何かが、そう何かが
すらりと伸びた脚、彩色の絹のツーピース、チラチラと交差する照れ、不揃いな八重歯、加速してどこまでも飛んでいけそうな夏空、間隔が開いて止まっている白砂の上の車たち、ゴツゴツとした緑を吹き抜ける生暖かな微風
両手で頭を、そう両手で頭を包み込んで
どうしてこの子はあの子じゃないんだろう
どうしてこの子こんなにも可愛い秋海棠のような唇をしているんだろう
ちょっと猫背で、おっちょこちょいな感じがするのに、遠くからスカッとしたグレープフルーツのような声をかけてくる
一流のバニーのようの細く柔らかい太股を肌け出すように、強い日差しに透けるような白いスカートを踊らせて手を振ってくる
フラッシュバックするエネルギーを奪われてニコリとも出来ず
深紅のタイトなボンテージの上で揺れる鎖骨の艶やかさ、漆黒のシンプルなアミタイツの中でひっそりと隠れた静脈の愛らしさ
何かが、そう何かが
揺れながら近づいてくる笑顔の奥、粗野な八重歯の揺れに胸を鷲づかみにされて
そのままあの子の思い出もちんけな道徳もつまらない意地も握りつぶして引き抜いていって
ほっかりと空いた胸の穴だけは、炎天下でも夕闇の艶やかさに包まれていって
注記:秋海棠(しゅうかいどう) 晩夏から秋にかけて咲く。
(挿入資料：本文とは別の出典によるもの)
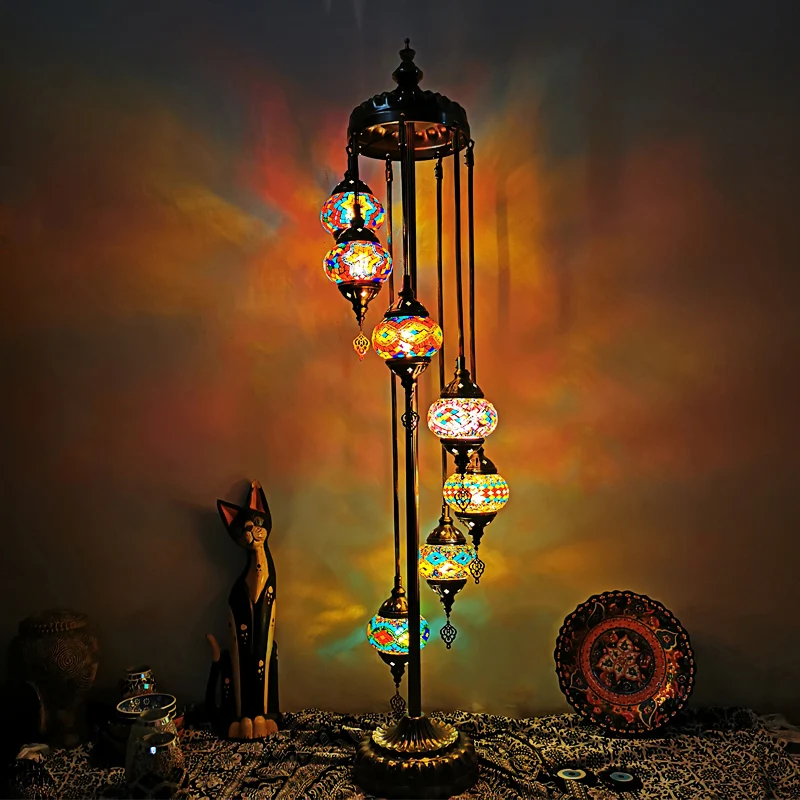 Lampadaire en verre teinté multicolore en spirale, lampe de lecture Vintage à 7 lumières pour salon, rouge/bleu/vert Clear...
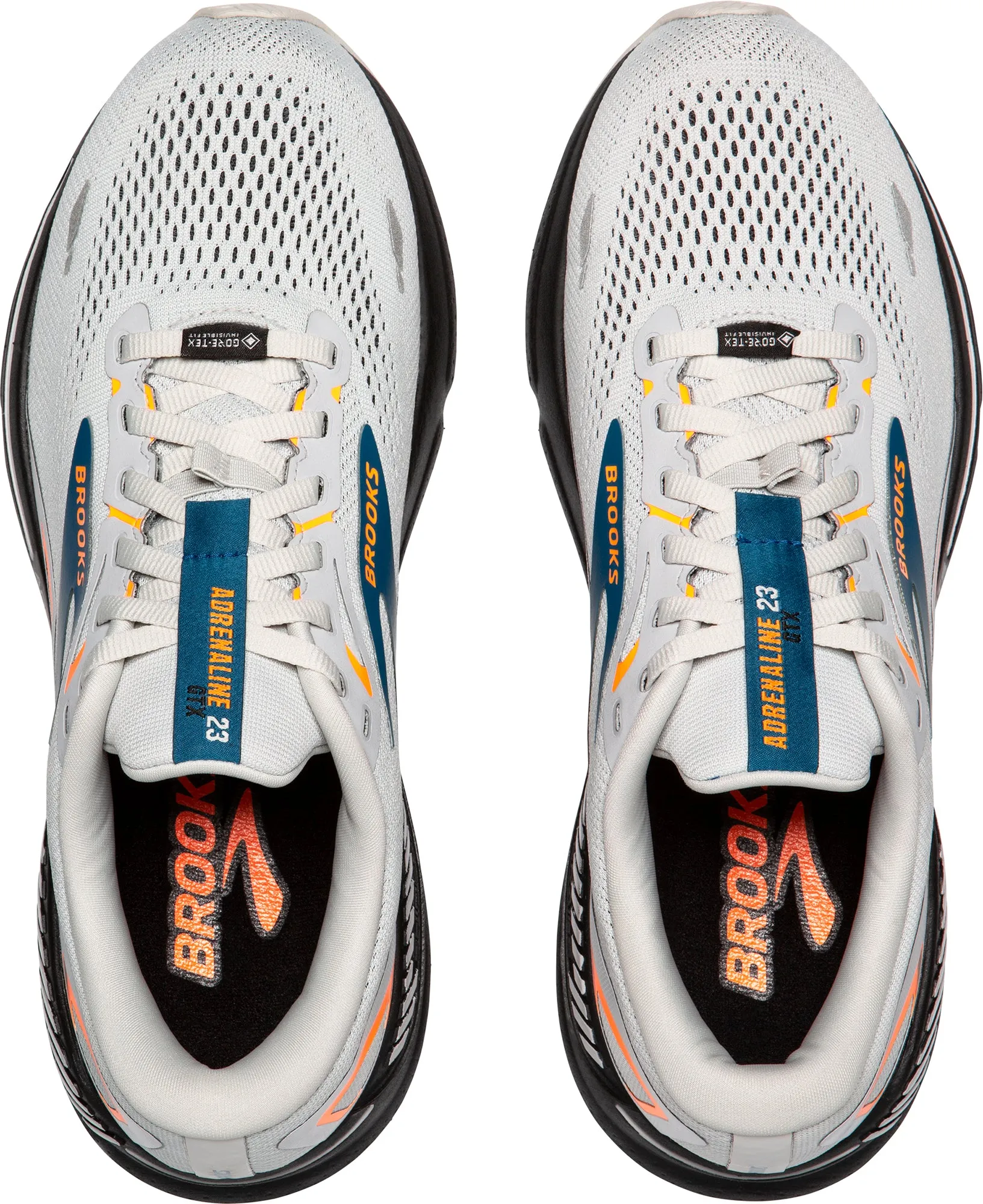 Porous Mesh Ventilation Orthotic Support Brooks Adrenaline GTS 23 GORE-TEX Mens Running Shoes - Grey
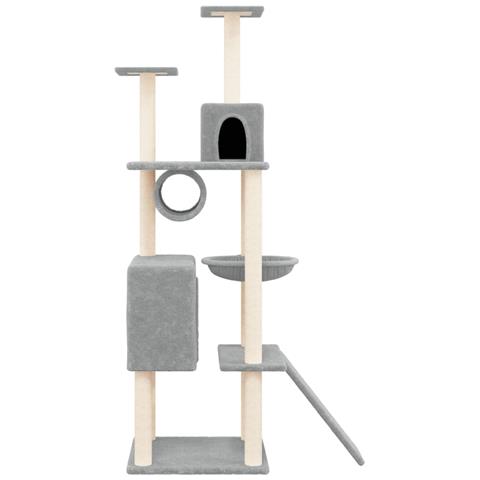 Albero Per Gatti Con Tiragraffi In Sisal Grigio Chiaro 168 Cm - Foto 2
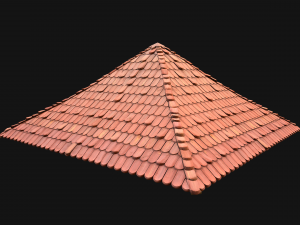 Medieval Tile Pyramid Roof 3D Model
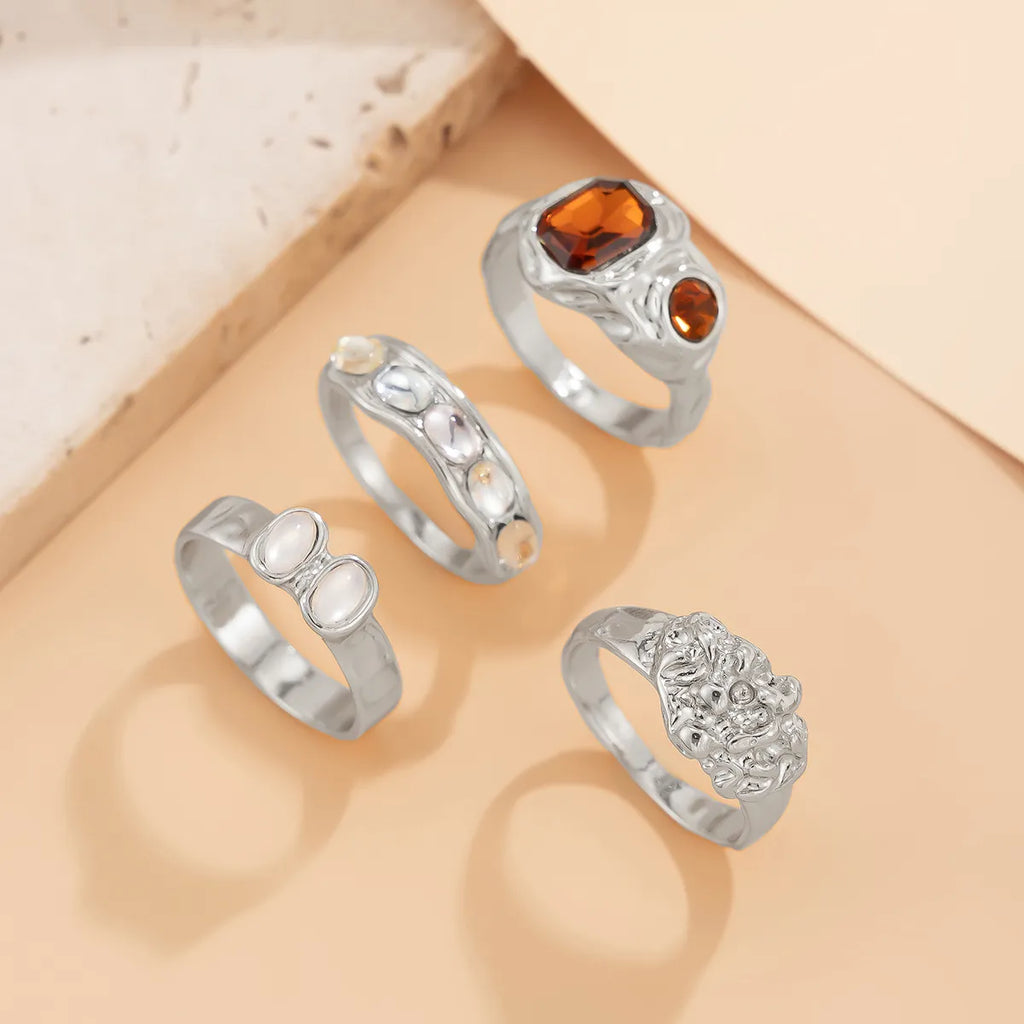 4-Piece Stainless Steel Inlaid Rhinestone Ring
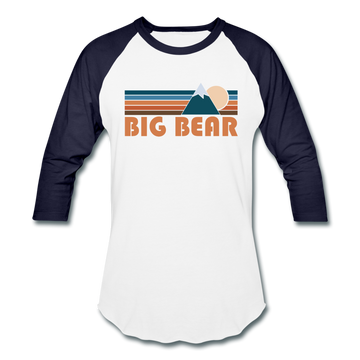 Big Bear, California Baseball T-Shirt - Retro Mountain Unisex Big Bear Raglan T Shirt - white/navy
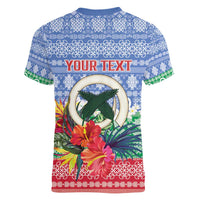 Personalised Shefa Joyeux Noel Women V-Neck T-Shirt Proud To Be a Ni-Van Sand Drawing Art - Polynesian Pride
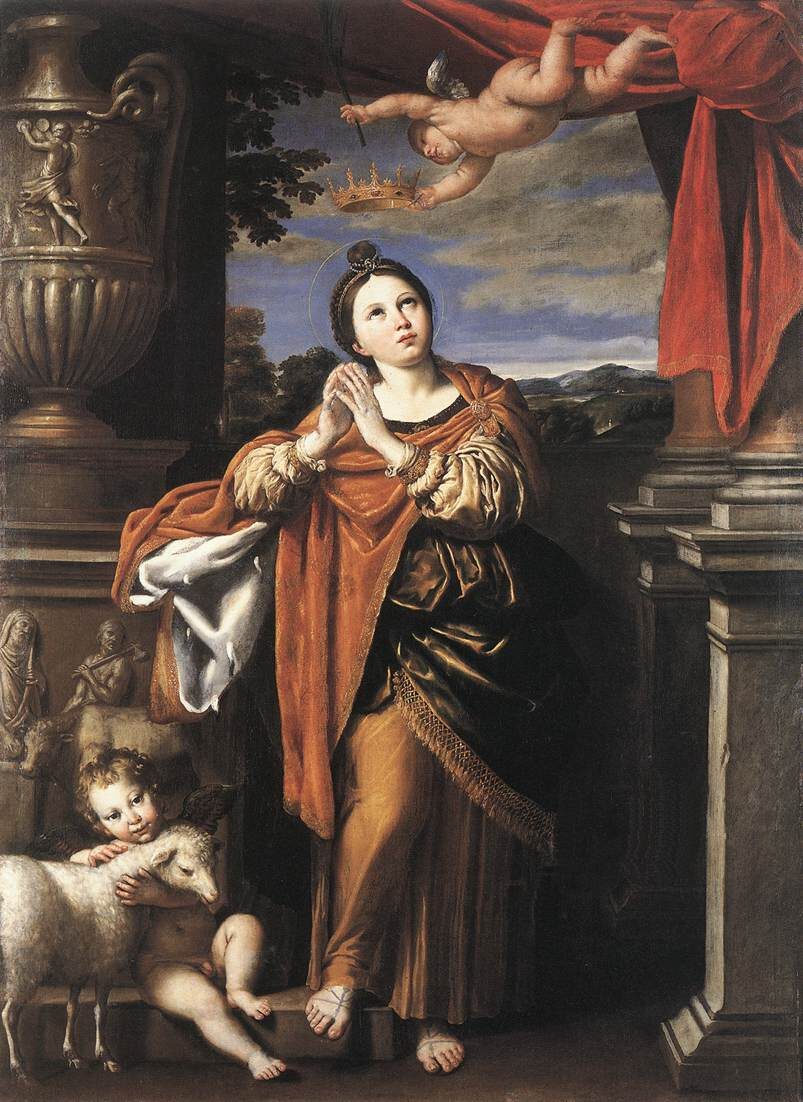 Saint Agnes, virgin and martyr, a painting by Domenichino.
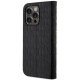 Karl Lagerfeld iPhone 14 Pro atverams vāciņš maciņš grāmatiņa Saffiano Monogram, melns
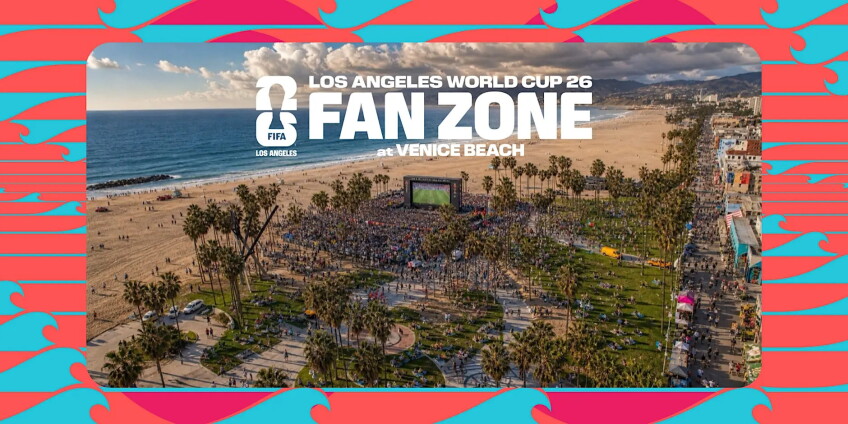 LA World Cup Fan Zone - Venice Beach, event banner with a picture of venice beach 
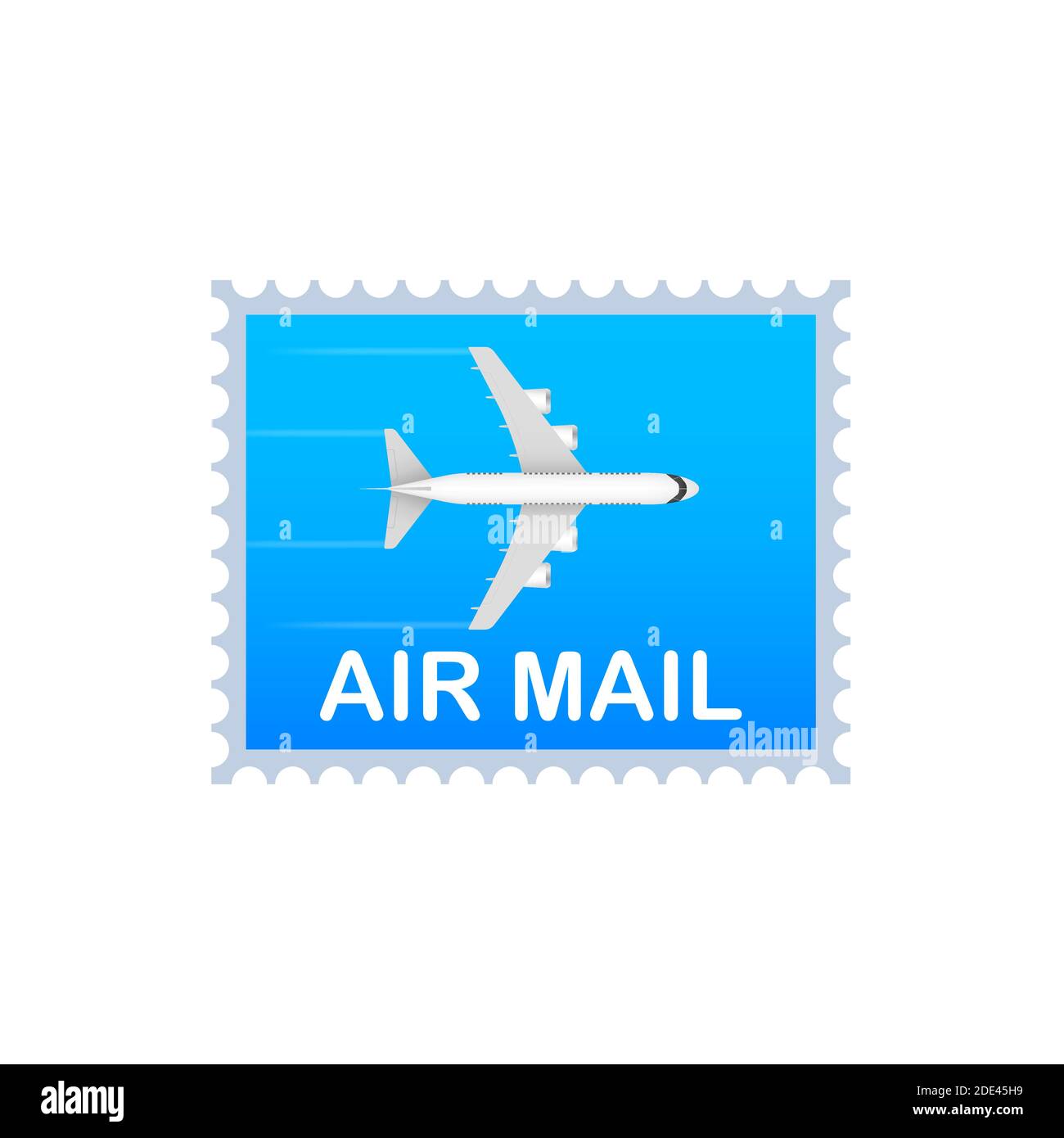 Blue Air Mail Stamp And Airplane On Blue Background Vector Stock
別名 「瓔珞草(ようらくそう)」
「秋海棠 西瓜(すいか)の色に 咲きにけり」 松尾芭蕉
:「艶やか」は「つややか」と「あでやか」と両方の読み方があり、前者は「つややか」、後者は「あでやか」と考えている。最後の一文は、両方を併せ持たせたい。前者と後者が最後に一体となるのが、文意に沿う。